Finding I could not pacify either Pat or Mrs. Wallop, I sat in silence— and we proceeded for some distance in this unsociable state. At last, ill humour wore off, and before we got to Hounslow we began to chat a little, and to forget our disasters. Nothing occurred to interrupt our good humour, except a little ill-timed facetiousness of Pipkin's, who likened Mrs. Wallop, and her ornament of eggs, to the " Golden Bull,"-and now and then, she was assailed with coarser comparisons and jokes from the urchins on the road. We were, however, a little disconcerted at Hounslow; for, on changing horses, it was found that the eggs, drying, had cemented Mrs. Wallop's gown to my coat, and also her nether garments to the coach-seat. However, after a few efforts we disengaged her, though not without some damage to her habiliments, and still more, of her temper.

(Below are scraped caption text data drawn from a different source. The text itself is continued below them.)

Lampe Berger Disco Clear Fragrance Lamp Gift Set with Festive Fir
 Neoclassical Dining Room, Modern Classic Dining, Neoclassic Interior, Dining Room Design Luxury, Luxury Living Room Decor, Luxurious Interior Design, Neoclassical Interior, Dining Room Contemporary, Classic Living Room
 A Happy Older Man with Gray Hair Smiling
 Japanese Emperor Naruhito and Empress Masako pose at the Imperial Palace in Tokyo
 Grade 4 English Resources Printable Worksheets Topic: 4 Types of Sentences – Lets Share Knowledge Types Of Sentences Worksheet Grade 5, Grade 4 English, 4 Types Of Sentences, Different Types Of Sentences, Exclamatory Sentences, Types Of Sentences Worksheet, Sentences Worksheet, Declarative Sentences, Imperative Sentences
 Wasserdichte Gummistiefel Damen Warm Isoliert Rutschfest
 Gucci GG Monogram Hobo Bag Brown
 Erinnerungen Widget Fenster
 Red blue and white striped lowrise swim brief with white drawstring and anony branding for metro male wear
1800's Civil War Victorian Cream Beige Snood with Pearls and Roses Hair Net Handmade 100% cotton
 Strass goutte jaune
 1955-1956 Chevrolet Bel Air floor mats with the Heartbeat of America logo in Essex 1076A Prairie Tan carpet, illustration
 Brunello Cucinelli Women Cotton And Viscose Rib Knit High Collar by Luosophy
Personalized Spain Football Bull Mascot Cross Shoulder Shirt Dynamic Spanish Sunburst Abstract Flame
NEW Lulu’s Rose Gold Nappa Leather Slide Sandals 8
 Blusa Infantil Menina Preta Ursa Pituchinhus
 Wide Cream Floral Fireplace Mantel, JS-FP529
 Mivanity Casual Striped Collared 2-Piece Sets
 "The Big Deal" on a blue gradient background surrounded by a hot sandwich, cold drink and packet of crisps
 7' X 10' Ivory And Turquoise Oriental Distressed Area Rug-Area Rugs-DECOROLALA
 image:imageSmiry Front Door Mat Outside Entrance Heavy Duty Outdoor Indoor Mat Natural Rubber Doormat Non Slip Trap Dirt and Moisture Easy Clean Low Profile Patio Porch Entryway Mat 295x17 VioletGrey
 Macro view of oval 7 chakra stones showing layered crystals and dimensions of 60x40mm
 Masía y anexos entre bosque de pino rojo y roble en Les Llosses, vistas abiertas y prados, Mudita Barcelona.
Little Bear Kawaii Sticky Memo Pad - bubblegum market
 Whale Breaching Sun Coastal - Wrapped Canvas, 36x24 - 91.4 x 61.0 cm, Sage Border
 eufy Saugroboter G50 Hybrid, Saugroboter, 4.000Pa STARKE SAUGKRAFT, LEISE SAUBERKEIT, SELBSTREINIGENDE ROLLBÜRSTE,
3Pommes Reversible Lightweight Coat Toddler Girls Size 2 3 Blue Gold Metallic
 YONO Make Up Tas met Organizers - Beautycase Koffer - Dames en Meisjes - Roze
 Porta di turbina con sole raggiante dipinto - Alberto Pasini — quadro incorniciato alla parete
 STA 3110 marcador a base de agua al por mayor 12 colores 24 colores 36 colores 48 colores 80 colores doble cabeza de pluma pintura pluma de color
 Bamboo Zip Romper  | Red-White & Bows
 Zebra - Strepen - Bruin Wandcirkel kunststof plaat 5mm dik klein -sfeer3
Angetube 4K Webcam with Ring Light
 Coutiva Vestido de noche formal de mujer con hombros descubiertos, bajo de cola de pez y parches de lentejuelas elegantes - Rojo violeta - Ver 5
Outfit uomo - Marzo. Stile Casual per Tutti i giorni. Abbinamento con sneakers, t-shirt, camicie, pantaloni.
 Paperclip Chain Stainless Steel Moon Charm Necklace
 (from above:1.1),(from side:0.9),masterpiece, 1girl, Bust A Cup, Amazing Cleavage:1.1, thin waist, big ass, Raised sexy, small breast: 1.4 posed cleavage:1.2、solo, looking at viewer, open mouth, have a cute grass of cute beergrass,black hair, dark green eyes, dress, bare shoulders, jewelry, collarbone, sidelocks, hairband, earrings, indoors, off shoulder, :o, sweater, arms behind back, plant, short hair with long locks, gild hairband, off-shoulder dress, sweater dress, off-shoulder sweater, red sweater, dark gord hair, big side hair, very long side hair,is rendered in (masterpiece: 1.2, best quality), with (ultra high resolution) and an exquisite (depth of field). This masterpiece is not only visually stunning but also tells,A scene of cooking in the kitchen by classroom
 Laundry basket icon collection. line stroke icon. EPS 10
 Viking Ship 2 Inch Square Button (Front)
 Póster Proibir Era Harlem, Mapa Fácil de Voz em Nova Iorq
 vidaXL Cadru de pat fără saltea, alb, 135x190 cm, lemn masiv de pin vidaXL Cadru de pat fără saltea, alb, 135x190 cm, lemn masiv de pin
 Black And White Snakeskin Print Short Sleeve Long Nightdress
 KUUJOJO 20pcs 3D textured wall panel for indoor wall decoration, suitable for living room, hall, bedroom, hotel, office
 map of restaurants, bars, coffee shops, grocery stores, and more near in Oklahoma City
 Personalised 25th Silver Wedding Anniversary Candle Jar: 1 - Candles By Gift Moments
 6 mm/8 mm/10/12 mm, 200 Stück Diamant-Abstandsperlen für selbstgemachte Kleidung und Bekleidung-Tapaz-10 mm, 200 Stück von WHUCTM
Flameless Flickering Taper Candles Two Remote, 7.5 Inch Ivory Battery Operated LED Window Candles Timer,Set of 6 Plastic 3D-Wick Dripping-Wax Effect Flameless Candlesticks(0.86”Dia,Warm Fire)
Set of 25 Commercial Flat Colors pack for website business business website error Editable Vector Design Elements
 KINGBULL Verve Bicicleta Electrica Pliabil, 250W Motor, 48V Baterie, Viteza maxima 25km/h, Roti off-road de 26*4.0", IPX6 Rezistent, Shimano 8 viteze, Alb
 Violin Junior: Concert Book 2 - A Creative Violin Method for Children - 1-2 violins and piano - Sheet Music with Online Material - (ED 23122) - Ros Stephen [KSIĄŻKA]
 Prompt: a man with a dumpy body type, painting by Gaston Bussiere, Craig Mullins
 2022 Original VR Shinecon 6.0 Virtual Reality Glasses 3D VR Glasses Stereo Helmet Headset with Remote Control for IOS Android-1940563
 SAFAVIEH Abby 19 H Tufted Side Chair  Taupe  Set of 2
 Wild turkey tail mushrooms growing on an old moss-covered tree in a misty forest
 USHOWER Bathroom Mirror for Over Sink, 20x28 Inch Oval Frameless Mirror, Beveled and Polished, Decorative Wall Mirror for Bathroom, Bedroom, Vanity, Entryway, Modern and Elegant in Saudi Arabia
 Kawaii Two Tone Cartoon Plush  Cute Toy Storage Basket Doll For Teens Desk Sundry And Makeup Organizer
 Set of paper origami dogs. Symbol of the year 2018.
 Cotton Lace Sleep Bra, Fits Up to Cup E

Once more we started, and as we advanced over Hounslow Heath, the facetiousness of our party began to revive, particularly that of the Irishman. "Yonder," said Pipkin-pointing to a building-" yonder is one of them there houses, vot they call powder mills."

"Powther mills," cries Pat, aloud, "now I'll be telling you what happened to my uncle Dennis O'Shaughnessy, in one of these same powther mills. It blowed up. Would ye be liking to hear the story?"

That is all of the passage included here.